- **Records**
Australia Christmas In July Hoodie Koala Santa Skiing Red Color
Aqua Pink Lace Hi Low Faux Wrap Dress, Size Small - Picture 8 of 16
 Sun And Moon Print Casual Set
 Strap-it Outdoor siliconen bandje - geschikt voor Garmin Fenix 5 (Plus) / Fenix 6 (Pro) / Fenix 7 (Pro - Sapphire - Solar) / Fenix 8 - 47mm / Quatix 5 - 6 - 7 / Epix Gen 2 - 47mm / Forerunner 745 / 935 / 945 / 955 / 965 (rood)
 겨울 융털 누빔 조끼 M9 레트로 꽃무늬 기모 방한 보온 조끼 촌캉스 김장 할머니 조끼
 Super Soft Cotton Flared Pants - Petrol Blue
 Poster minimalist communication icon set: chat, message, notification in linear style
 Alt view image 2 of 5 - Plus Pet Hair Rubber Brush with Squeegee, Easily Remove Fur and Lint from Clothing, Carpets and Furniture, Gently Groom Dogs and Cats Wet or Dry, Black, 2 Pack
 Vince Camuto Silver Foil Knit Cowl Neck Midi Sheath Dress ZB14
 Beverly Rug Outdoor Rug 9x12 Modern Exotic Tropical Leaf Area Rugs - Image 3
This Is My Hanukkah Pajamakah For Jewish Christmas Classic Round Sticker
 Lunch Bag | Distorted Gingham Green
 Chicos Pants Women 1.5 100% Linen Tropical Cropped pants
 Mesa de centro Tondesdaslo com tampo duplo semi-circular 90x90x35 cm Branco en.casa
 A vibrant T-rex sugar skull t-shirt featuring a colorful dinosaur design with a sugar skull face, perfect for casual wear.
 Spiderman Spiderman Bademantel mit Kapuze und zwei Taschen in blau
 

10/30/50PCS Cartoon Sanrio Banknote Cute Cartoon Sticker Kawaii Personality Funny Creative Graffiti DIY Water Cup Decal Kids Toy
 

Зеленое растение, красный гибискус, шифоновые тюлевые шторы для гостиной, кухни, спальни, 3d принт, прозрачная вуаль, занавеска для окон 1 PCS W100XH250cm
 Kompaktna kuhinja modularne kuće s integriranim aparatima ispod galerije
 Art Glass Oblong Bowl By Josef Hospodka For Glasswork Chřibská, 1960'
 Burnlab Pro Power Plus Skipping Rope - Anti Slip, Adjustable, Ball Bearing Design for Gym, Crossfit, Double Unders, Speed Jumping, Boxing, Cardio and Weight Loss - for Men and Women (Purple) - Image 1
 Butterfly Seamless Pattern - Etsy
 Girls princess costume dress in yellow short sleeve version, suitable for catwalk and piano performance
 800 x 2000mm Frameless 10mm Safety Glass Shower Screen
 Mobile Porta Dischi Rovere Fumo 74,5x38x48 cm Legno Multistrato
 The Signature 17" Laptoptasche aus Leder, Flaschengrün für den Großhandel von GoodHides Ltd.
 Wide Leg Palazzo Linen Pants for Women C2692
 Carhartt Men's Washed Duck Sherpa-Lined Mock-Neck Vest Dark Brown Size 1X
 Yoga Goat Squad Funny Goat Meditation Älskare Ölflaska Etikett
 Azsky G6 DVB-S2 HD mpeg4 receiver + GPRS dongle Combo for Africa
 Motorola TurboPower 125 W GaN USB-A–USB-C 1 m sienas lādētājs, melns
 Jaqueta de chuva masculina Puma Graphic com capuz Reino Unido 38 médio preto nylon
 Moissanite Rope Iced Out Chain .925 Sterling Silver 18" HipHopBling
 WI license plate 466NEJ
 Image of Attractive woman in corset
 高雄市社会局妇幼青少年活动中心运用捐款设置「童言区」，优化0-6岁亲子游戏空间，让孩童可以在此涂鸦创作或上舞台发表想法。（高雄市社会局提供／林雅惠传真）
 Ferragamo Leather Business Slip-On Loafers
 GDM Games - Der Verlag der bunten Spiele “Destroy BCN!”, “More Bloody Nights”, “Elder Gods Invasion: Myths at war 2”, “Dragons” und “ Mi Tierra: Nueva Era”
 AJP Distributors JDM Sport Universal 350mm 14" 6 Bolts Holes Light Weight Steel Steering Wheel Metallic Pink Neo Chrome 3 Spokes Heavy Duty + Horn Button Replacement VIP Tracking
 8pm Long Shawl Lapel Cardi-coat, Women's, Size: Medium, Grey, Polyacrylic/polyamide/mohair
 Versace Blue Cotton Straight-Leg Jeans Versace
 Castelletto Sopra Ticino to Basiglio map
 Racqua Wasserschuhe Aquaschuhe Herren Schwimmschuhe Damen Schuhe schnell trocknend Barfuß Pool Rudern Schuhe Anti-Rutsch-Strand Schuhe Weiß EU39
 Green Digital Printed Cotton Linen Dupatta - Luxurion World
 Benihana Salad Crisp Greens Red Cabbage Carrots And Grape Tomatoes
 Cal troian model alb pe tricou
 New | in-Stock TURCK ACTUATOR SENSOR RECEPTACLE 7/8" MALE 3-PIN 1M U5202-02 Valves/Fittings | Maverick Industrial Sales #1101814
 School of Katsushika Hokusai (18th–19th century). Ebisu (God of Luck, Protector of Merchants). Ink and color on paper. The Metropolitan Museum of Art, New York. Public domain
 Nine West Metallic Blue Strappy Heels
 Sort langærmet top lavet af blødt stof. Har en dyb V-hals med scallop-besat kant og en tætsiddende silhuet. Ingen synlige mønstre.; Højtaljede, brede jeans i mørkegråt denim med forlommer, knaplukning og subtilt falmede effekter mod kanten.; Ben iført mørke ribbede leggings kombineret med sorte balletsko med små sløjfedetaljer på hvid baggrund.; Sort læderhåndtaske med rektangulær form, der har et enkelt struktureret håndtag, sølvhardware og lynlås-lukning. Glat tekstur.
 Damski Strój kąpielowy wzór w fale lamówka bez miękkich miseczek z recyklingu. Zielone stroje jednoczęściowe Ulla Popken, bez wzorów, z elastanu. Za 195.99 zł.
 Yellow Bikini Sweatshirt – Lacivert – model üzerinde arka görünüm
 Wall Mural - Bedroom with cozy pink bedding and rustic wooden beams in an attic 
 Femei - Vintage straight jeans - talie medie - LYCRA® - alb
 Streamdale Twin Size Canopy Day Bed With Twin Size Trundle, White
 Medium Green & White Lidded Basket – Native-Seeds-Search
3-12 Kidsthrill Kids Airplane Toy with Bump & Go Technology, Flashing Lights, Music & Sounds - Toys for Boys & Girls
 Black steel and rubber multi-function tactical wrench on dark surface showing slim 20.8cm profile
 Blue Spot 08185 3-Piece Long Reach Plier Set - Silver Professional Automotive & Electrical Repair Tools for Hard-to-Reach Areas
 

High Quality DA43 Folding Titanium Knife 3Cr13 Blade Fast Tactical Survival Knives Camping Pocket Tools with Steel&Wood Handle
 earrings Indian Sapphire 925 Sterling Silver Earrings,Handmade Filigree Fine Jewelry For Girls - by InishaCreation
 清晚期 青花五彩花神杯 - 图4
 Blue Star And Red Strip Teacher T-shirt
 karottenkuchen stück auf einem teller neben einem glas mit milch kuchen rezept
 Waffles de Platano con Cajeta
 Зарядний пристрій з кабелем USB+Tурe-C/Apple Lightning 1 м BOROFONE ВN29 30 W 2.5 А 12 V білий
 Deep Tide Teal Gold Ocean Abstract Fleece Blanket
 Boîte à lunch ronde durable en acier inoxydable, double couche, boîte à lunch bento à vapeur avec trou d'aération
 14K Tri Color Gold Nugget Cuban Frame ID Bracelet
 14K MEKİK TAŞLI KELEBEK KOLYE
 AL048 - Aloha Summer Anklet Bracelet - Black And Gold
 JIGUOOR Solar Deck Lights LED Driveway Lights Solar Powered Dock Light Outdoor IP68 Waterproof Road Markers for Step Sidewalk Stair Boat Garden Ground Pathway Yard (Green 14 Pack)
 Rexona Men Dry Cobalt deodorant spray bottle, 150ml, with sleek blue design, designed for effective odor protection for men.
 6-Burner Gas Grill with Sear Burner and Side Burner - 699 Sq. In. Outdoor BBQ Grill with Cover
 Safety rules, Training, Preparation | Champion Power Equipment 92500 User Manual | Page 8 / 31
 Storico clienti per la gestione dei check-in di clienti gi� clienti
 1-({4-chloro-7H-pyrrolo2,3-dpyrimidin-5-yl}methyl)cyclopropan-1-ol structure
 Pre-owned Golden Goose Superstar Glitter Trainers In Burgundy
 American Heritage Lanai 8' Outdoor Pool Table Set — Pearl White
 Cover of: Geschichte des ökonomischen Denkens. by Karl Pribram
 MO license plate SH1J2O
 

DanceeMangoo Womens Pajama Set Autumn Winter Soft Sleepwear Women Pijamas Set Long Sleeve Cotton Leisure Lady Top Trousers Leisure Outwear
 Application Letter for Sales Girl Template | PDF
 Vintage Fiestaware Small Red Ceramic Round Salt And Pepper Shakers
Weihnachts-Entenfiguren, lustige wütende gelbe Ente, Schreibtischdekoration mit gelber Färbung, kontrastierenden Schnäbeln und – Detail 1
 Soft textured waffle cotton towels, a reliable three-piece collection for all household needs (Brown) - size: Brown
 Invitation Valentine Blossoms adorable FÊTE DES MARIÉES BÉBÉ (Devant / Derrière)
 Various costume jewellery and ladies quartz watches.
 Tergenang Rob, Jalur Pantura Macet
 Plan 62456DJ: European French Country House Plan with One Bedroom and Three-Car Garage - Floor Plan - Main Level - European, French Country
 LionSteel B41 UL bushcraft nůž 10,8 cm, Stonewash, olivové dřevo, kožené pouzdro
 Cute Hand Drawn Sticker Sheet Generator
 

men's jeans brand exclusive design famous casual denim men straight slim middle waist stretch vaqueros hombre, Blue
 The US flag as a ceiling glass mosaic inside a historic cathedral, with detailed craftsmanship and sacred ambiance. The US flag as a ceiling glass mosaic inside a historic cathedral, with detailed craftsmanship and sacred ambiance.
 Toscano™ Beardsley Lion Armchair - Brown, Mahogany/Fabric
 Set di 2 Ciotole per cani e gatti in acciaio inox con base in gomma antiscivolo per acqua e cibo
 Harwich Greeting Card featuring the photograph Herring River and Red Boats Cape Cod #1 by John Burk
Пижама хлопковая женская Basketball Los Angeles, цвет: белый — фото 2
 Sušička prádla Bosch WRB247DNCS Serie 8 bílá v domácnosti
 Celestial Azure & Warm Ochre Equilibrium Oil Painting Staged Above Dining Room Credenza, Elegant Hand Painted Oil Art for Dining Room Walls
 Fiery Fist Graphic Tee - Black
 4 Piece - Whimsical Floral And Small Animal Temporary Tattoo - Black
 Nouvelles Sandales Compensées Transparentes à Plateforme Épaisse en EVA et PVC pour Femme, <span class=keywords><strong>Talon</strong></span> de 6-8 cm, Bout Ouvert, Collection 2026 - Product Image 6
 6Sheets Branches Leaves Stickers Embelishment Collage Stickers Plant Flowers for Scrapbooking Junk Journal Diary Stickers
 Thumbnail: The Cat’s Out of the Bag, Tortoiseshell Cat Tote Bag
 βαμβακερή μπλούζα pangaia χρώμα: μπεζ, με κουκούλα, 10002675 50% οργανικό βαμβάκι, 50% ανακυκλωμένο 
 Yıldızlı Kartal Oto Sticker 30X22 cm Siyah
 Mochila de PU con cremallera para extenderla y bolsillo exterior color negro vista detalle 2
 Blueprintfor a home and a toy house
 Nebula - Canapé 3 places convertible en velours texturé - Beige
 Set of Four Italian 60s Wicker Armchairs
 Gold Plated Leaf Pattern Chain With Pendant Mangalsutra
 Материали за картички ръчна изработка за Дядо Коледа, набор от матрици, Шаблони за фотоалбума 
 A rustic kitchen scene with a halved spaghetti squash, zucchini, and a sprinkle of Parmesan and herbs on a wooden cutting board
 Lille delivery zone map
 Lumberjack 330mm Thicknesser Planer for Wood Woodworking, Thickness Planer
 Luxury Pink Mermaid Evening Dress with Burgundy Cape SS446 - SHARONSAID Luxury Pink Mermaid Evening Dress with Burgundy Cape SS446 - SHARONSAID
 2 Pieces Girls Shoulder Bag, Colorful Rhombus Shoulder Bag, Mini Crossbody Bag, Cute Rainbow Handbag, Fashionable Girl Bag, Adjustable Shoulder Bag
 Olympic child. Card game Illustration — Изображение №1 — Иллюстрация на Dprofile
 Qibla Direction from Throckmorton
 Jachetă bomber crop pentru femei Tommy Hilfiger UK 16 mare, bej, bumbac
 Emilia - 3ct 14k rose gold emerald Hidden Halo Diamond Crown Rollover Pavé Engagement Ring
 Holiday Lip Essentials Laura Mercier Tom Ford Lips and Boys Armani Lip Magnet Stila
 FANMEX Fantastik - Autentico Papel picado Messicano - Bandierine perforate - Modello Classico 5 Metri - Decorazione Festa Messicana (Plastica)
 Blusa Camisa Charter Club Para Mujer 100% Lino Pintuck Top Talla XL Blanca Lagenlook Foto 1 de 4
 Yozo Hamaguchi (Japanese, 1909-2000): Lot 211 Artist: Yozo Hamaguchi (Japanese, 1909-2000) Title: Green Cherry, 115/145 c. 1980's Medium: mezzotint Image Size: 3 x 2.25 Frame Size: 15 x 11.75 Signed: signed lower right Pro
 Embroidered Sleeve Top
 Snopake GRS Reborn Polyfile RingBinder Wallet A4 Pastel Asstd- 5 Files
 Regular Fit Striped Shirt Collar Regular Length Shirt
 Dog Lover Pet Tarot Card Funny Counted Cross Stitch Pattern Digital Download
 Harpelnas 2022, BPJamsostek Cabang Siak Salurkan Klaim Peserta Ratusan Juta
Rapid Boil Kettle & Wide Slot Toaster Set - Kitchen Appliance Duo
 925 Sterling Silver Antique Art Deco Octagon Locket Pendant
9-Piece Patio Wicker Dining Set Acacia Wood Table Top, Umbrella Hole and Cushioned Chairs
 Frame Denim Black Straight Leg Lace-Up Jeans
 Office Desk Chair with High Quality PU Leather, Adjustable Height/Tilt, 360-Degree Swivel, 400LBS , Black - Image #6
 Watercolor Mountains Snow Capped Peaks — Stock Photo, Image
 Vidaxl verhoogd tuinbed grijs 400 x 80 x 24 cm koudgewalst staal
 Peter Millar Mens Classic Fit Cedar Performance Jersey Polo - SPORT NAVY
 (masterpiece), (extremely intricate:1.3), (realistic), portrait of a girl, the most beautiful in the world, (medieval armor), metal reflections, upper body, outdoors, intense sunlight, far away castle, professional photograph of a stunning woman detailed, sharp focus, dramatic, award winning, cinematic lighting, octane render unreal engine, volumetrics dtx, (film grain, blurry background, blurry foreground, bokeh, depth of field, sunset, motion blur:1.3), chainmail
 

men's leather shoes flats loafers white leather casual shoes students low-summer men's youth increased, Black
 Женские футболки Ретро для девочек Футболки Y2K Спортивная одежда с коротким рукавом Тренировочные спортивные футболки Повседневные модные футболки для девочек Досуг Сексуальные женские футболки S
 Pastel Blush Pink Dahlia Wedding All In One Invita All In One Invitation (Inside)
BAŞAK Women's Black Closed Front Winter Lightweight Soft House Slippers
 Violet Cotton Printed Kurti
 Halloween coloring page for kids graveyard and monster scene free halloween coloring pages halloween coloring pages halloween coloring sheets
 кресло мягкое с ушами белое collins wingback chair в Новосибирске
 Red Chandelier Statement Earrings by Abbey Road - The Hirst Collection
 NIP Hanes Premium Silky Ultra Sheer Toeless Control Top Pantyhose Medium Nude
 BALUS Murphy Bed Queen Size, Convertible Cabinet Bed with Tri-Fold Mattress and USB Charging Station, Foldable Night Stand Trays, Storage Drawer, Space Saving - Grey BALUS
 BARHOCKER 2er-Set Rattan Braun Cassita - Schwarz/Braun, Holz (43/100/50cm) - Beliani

- **Problem to solve**
Return every line holding the word "Cape" from the records.

- **Written solution**
 Harwich Greeting Card featuring the photograph Herring River and Red Boats Cape Cod #1 by John Burk
 Luxury Pink Mermaid Evening Dress with Burgundy Cape SS446 - SHARONSAID Luxury Pink Mermaid Evening Dress with Burgundy Cape SS446 - SHARONSAID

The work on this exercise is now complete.